Steven Pinker offers (full text, open access) one of several fascinating paper in a special PNAS supplement issue: In the light of evolution IV: The human condition. All of the papers are open access. Pinker's title is "The cognitive niche: Coevolution of intelligence, sociality, and language." The abstract:
Although Darwin insisted that human intelligence could be fully explained by the theory of evolution, the codiscoverer of natural selection, Alfred Russel Wallace, claimed that abstract intelligence was of no use to ancestral humans and could only be explained by intelligent design. Wallace's apparent paradox can be dissolved with two hypotheses about human cognition. One is that intelligence is an adaptation to a knowledge-using, socially interdependent lifestyle, the “cognitive niche.” This embraces the ability to overcome the evolutionary fixed defenses of plants and animals by applications of reasoning, including weapons, traps, coordinated driving of game, and detoxification of plants.
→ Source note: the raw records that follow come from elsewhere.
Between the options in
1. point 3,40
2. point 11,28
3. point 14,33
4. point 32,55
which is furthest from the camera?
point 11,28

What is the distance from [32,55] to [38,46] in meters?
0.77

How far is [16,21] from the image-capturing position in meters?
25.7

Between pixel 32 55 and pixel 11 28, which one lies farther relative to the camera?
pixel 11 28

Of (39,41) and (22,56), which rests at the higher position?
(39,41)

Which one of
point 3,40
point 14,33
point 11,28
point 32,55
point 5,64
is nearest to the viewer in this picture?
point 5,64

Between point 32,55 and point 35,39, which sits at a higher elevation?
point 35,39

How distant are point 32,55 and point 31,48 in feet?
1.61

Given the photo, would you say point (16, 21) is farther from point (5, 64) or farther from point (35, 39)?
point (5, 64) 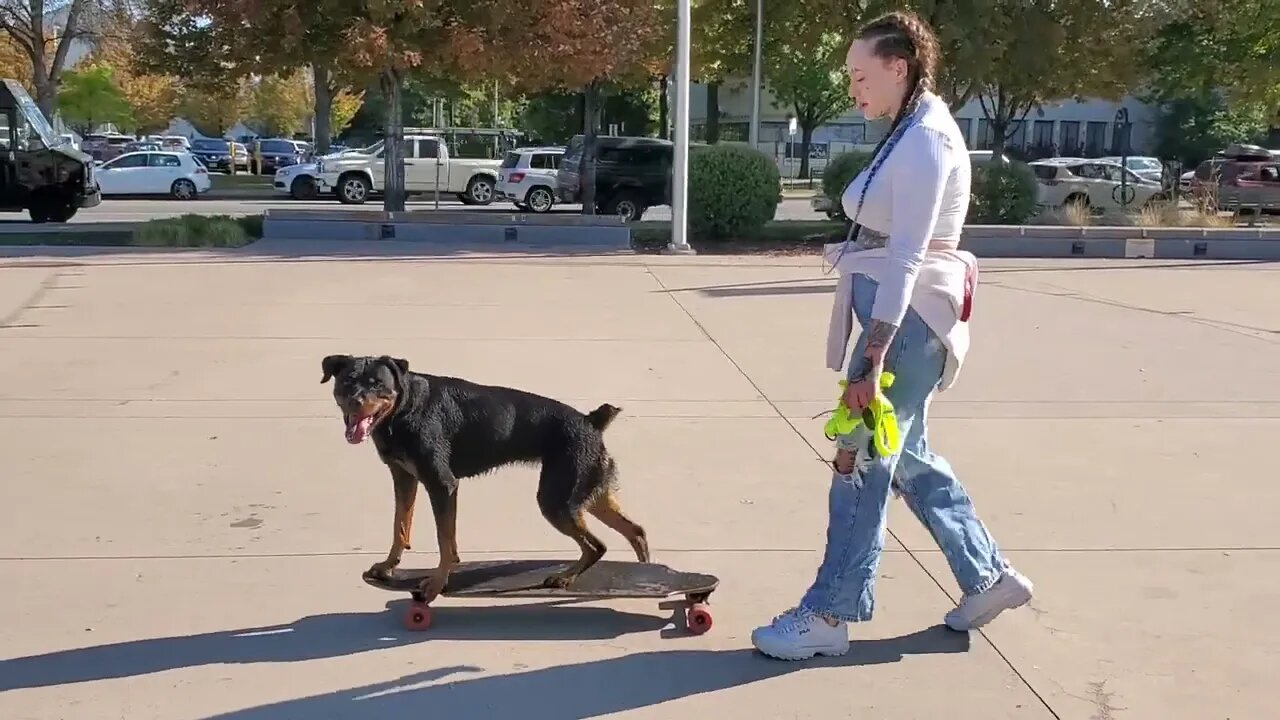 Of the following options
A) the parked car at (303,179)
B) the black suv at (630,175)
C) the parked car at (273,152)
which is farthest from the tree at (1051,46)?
the parked car at (273,152)

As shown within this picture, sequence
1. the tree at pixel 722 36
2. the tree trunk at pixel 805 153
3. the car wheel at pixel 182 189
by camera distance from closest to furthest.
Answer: the tree at pixel 722 36 < the car wheel at pixel 182 189 < the tree trunk at pixel 805 153

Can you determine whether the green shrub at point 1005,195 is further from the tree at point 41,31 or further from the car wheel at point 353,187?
the tree at point 41,31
Such reasoning exploits intuitive theories about different aspects of the world, such as objects, forces, paths, places, states, substances, and other people's beliefs and desires. The theory explains many zoologically unusual traits in Homo sapiens, including our complex toolkit, wide range of habitats and diets, extended childhoods and long lives, hypersociality, complex mating, division into cultures, and language (which multiplies the benefit of knowledge because know-how is useful not only for its practical benefits but as a trade good with others, enhancing the evolution of cooperation). The second hypothesis is that humans possess an ability of metaphorical abstraction, which allows them to coopt faculties that originally evolved for physical problem-solving and social coordination, apply them to abstract subject matter, and combine them productively. These abilities can help explain the emergence of abstract cognition without supernatural or exotic evolutionary forces and are in principle testable by analyses of statistical signs of selection in the human genome.

Tuesday, June 01, 2010

Contra doomsayers, a bright future beckons?
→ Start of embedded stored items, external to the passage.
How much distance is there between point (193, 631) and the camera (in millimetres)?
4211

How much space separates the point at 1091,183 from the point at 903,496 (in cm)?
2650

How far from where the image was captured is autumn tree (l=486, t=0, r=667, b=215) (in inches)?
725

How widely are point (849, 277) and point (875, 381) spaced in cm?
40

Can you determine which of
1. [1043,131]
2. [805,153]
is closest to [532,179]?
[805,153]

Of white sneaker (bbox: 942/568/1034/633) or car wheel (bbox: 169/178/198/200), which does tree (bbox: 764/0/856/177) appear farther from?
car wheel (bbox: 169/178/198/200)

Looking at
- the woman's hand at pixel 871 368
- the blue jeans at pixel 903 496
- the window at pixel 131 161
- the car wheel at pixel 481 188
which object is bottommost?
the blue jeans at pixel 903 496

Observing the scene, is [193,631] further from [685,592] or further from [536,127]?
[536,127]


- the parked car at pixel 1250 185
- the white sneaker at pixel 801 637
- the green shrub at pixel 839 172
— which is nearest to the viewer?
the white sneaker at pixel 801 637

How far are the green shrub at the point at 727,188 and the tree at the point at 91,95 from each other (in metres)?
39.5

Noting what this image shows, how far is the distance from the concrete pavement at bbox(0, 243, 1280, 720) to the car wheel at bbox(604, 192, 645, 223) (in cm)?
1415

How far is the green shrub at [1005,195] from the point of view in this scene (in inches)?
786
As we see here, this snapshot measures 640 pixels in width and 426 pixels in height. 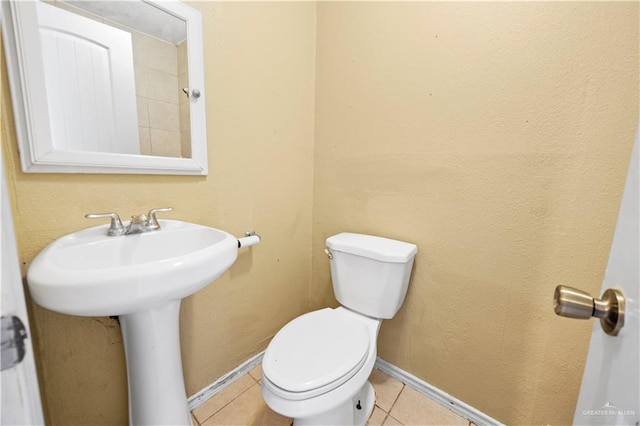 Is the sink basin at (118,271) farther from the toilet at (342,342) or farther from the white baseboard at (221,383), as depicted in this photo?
the white baseboard at (221,383)

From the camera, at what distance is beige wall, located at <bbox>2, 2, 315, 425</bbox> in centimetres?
72

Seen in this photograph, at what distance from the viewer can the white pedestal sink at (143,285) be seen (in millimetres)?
501

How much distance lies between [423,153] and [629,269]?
2.54 feet

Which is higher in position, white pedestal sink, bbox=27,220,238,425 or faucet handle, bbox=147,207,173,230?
faucet handle, bbox=147,207,173,230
Matt Ridley has a new book out, "The Rational Optimist", reviewed by John Tierney.  (Ridley is a very bright polymath, I recall he did a much better job than I did some ~15 years ago,  as a fellow contributor of several chapters of a standard introductory biology text book - a hack writing for pay gig).  Ridley argues in his grand theory that it was the invention of the exchange of one object for another,  rather than increasingly big brains or cooperation and reciprocity, that started the explosive growth of civilization. 
Adam potentially now had access to objects he did not know how to make or find; and so did Oz,” Dr. Ridley writes. People traded goods, services and, most important, knowledge, creating a collective intelligence: “Ten individuals could know between them ten things, while each understanding one.”

Rulers like to take credit for the advances during their reigns, and scientists like to see their theories as the source of technological progress. But Dr. Ridley argues that they’ve both got it backward: traders’ wealth builds empires, and entrepreneurial tinkerers are more likely to inspire scientists than vice versa. From Stone Age seashells to the steam engine to the personal computer, innovation has mostly been a bottom-up process.
“Forget wars, religions, famines and poems for the moment,” Dr. Ridley writes. “This is history’s greatest theme: the metastasis of exchange, specialization and the invention it has called forth, the ‘creation’ of time.”
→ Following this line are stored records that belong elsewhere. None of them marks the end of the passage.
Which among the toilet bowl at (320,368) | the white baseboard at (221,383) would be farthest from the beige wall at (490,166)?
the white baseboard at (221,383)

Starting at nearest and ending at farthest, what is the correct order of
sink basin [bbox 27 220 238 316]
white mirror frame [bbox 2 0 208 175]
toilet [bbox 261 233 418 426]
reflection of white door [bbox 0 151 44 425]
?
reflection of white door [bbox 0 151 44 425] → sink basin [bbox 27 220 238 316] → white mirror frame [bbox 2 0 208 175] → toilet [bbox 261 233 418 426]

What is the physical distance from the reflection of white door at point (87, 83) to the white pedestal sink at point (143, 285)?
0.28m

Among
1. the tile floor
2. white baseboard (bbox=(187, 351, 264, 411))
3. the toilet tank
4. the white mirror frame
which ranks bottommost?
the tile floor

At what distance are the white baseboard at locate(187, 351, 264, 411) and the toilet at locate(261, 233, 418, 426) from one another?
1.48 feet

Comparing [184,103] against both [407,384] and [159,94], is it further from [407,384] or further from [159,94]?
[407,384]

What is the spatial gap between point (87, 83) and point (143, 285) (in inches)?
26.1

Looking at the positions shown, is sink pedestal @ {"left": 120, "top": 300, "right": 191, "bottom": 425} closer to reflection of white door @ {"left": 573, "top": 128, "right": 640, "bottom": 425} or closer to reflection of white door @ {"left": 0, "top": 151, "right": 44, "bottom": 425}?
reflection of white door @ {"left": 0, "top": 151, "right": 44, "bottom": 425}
Progress this century could be impeded by politics, wars, plagues or climate change, but Dr. Ridley argues that, as usual, the “apocaholics” are overstating the risks and underestimating innovative responses....with new hubs of innovation emerging elsewhere, and with ideas spreading faster than ever on the Internet, Dr. Ridley expects bottom-up innovators to prevail. His prediction for the rest of the century: “Prosperity spreads, technology progresses, poverty declines, disease retreats, fecundity falls, happiness increases, violence atrophies, freedom grows, knowledge flourishes, the environment improves and wilderness expands.”